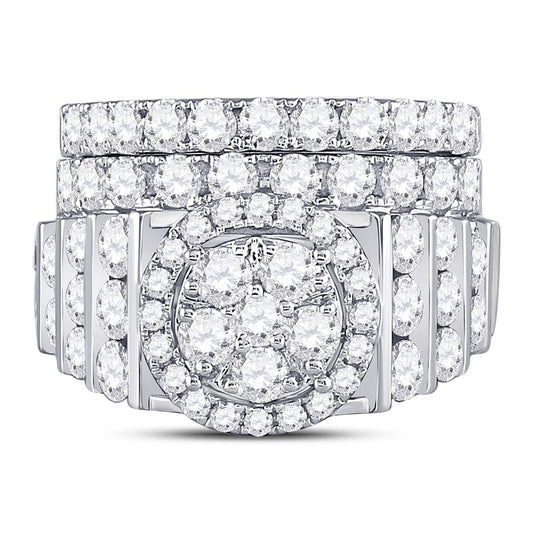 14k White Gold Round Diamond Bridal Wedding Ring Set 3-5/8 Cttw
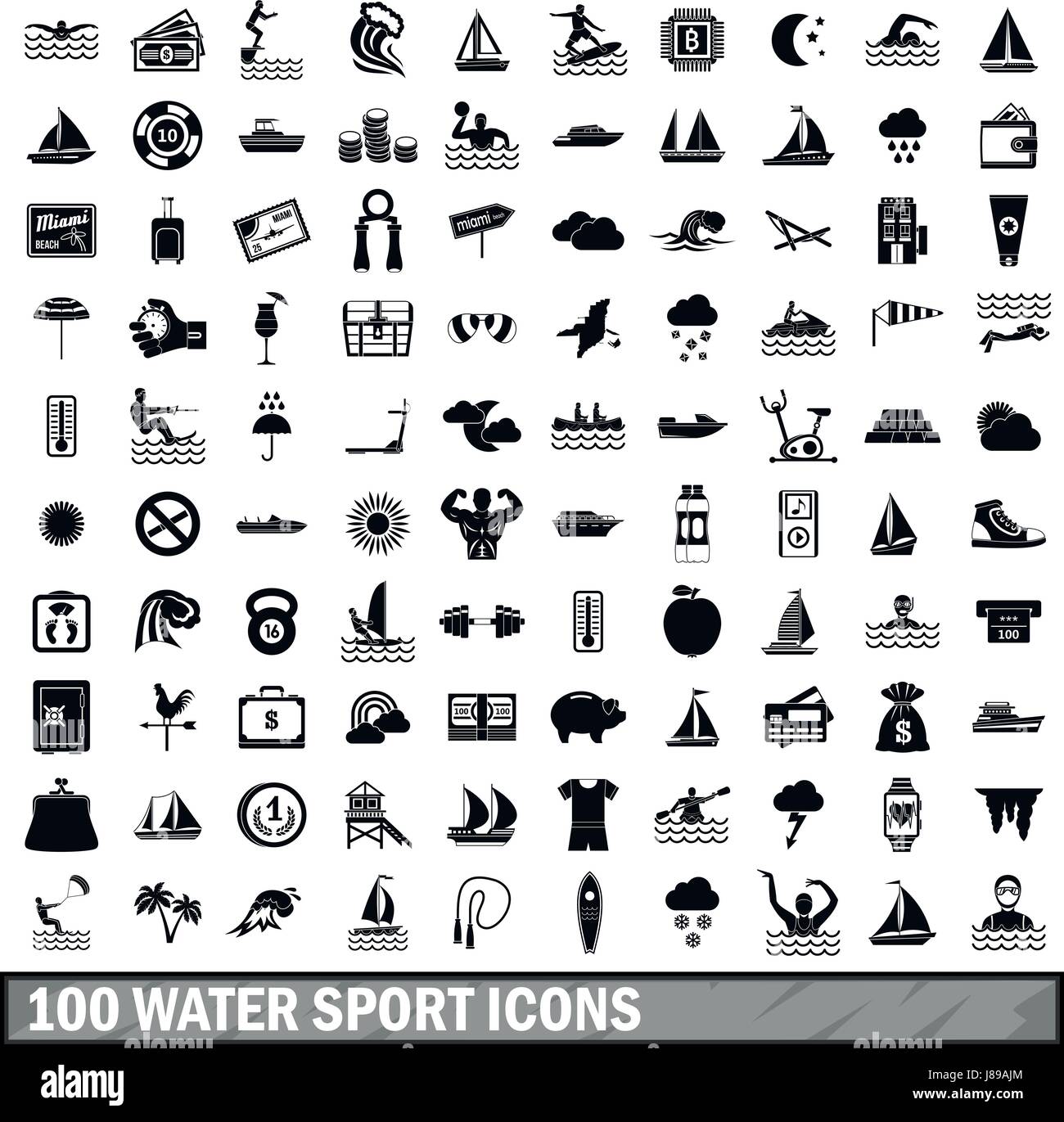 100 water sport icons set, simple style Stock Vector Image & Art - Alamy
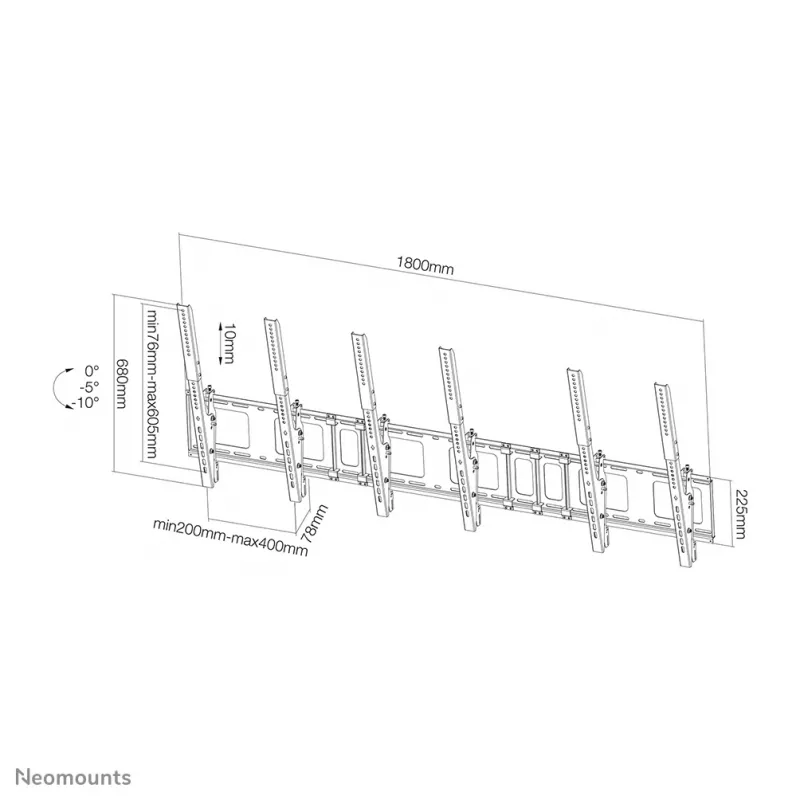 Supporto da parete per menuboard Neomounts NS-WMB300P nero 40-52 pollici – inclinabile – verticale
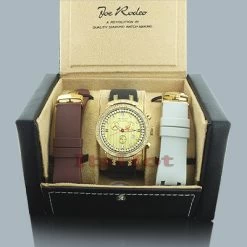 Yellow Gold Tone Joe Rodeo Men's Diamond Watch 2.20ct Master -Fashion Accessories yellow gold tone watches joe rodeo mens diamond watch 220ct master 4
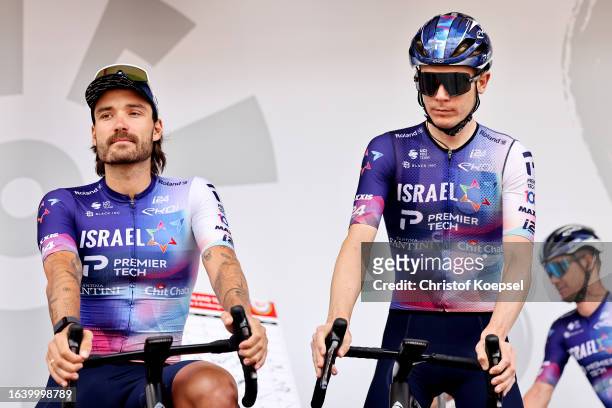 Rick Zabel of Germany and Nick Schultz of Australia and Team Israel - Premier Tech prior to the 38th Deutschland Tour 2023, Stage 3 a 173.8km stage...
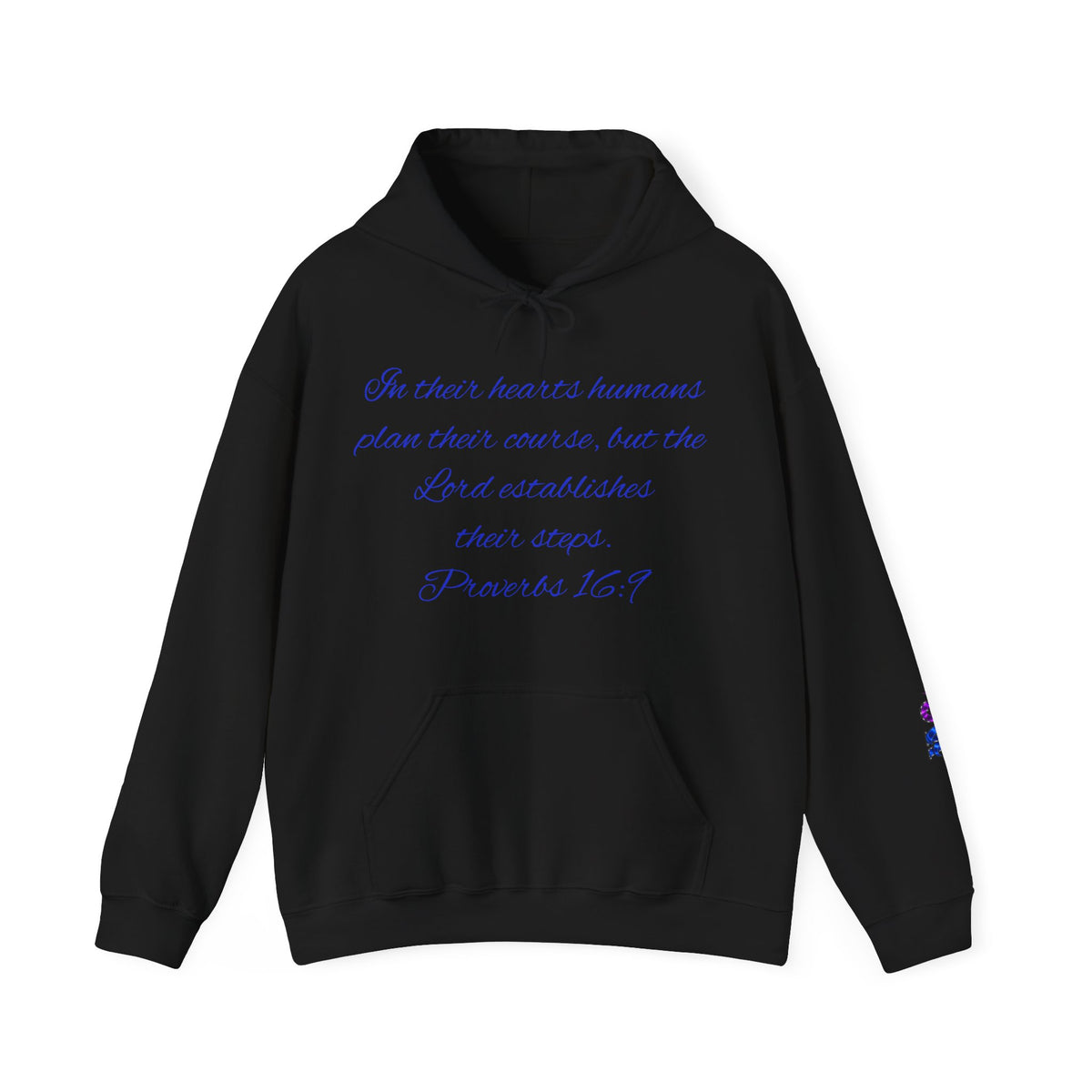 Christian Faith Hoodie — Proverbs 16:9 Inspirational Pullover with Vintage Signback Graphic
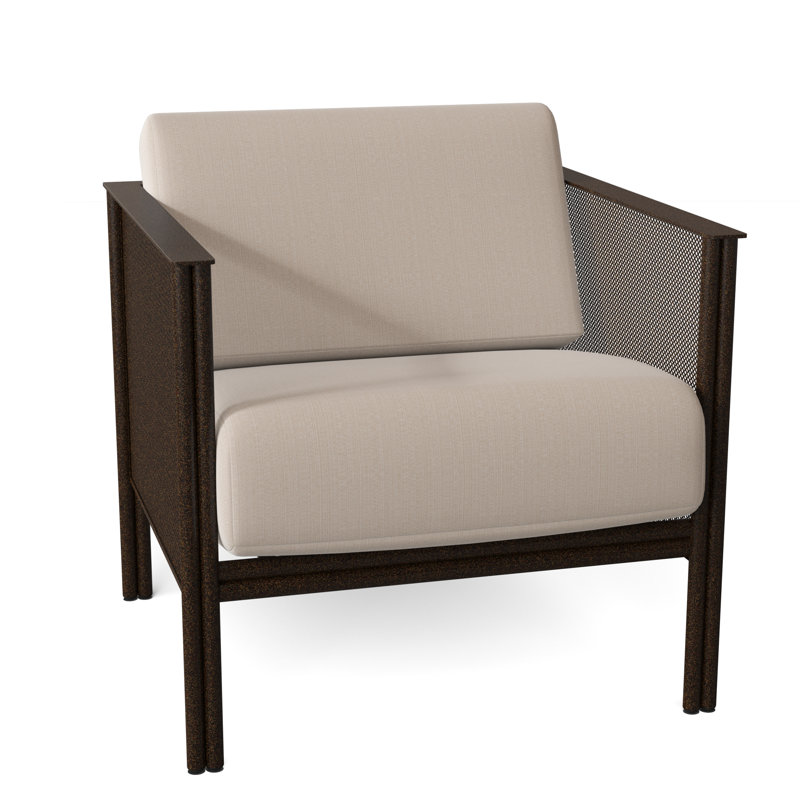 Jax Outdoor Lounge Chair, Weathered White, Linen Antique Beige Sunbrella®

Activity: Exactly reproduce the lines beginning at the one that contains "Christian Faith Hoodie" and ending at the final line of the material, with the pictures left out.

Solution for this problem:
 Christian Faith Hoodie — Proverbs 16:9 Inspirational Pullover with Vintage Signback Graphic
 Jax Outdoor Lounge Chair, Weathered White, Linen Antique Beige Sunbrella®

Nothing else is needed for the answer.